Level One helped her deepen her technical understanding, expand her cheese vocabulary, and introduce systematic analysis within her team. She has since begun categorizing her cheeses using MAKE and POST-MAKE frameworks, anchoring local, terroir-driven production within a globally recognized structure.

Her journey reflects something essential: Academy of Cheese education supports regional diversity while maintaining shared standards. You don’t have to abandon what makes your cheese unique to benefit from formal education—in fact, the framework helps you articulate what makes it special.

Pictured left: Assam Blossom by Queso.in

Discover Queso.in

Cheese Foundation

Collectively, these journeys illustrate how Academy of Cheese Level One operates in India: not as a prescriptive qualification, but as a shared starting point. Participants move into cheesemaking, mongering, retail, education, and technical roles – each shaped by the same foundational framework.

In a young industry, this shared structure is critical. It enables confidence, collaboration, and long-term growth while allowing each individual to define their own path forward.

India’s artisan cheese movement is still being written. But with every student who gains the language to describe what they taste, the confidence to experiment with purpose, and the framework to build sustainable businesses, we’re laying the foundation for something lasting. The work isn’t about creating uniformity – it’s about creating conversation. And that conversation is just beginning.

As I continue to teach and support new cohorts of students across India, I’m constantly reminded that education isn’t just about transferring knowledge – it’s about building community.
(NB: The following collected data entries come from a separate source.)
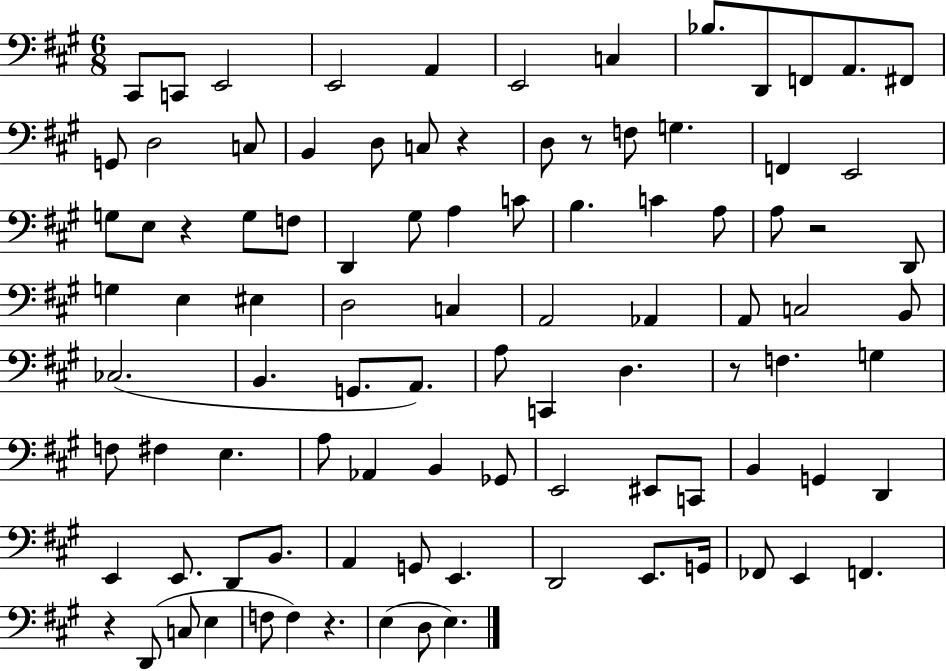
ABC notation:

X:1
T:Untitled
M:6/8
L:1/4
K:A
^C,,/2 C,,/2 E,,2 E,,2 A,, E,,2 C, _B,/2 D,,/2 F,,/2 A,,/2 ^F,,/2 G,,/2 D,2 C,/2 B,, D,/2 C,/2 z D,/2 z/2 F,/2 G, F,, E,,2 G,/2 E,/2 z G,/2 F,/2 D,, ^G,/2 A, C/2 B, C A,/2 A,/2 z2 D,,/2 G, E, ^E, D,2 C, A,,2 _A,, A,,/2 C,2 B,,/2 _C,2 B,, G,,/2 A,,/2 A,/2 C,, D, z/2 F, G, F,/2 ^F, E, A,/2 _A,, B,, _G,,/2 E,,2 ^E,,/2 C,,/2 B,, G,, D,, E,, E,,/2 D,,/2 B,,/2 A,, G,,/2 E,, D,,2 E,,/2 G,,/4 _F,,/2 E,, F,, z D,,/2 C,/2 E, F,/2 F, z E, D,/2 E,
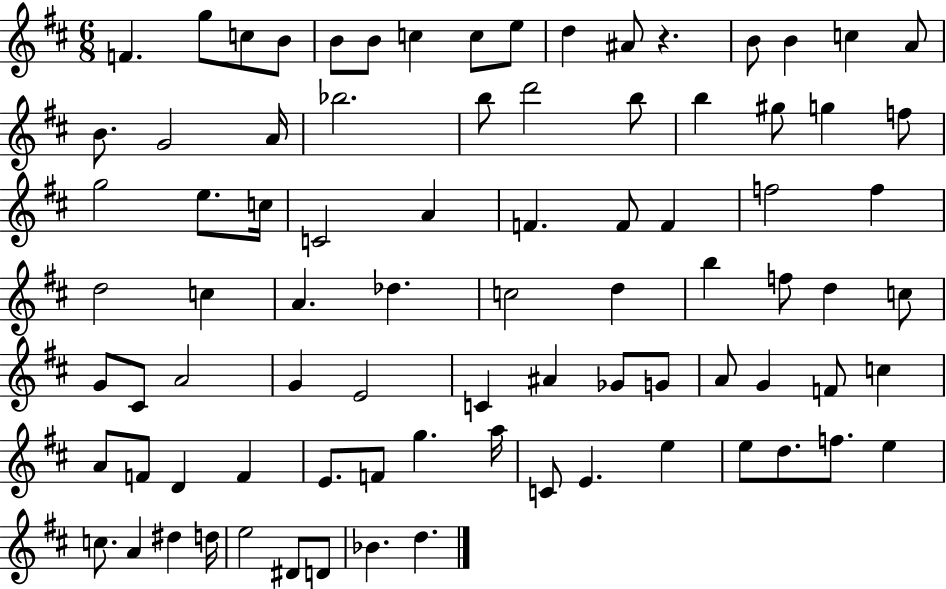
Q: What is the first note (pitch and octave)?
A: F4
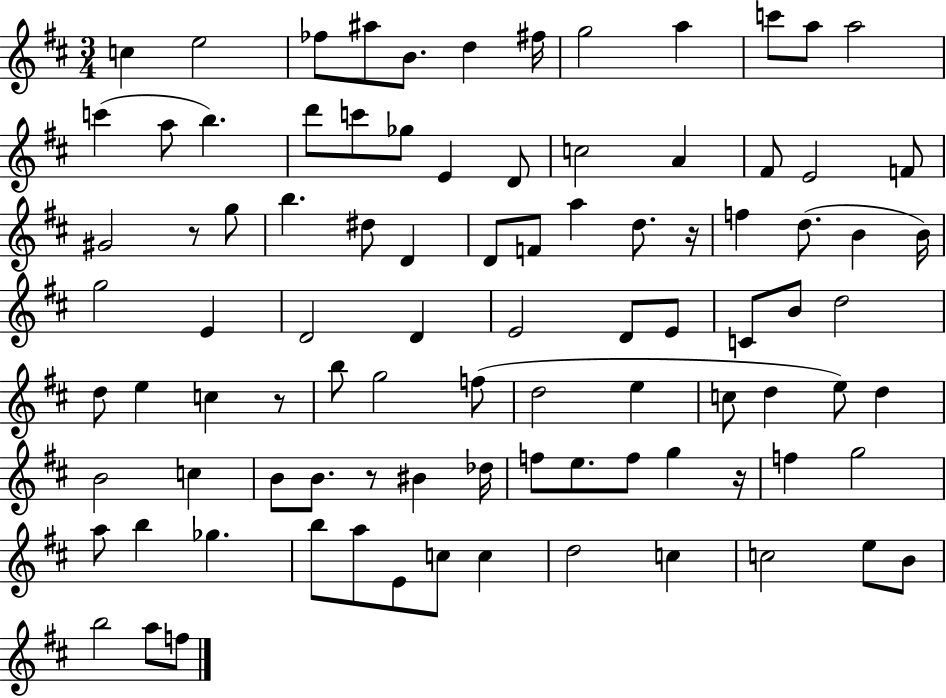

Each person I teach becomes part of a network that’s collectively shaping what artisan cheese means in India. And that, ultimately, is the most rewarding part of this work.

Namrata Sundaresan | Academy of Cheese Training Partner

Namrata is an internationally certified cheesemaker, holding various certifications from UK, USA and Italy on cheesemaking & sensory analysis. With a background in business management and 15 years in international trade and investment consulting, it was her love of food that led her to cheesemaking. She became an accredited Training Partner with the Academy of Cheese in 2022 and regularly holds their Level One certification for cheese makers and cheese lovers across India.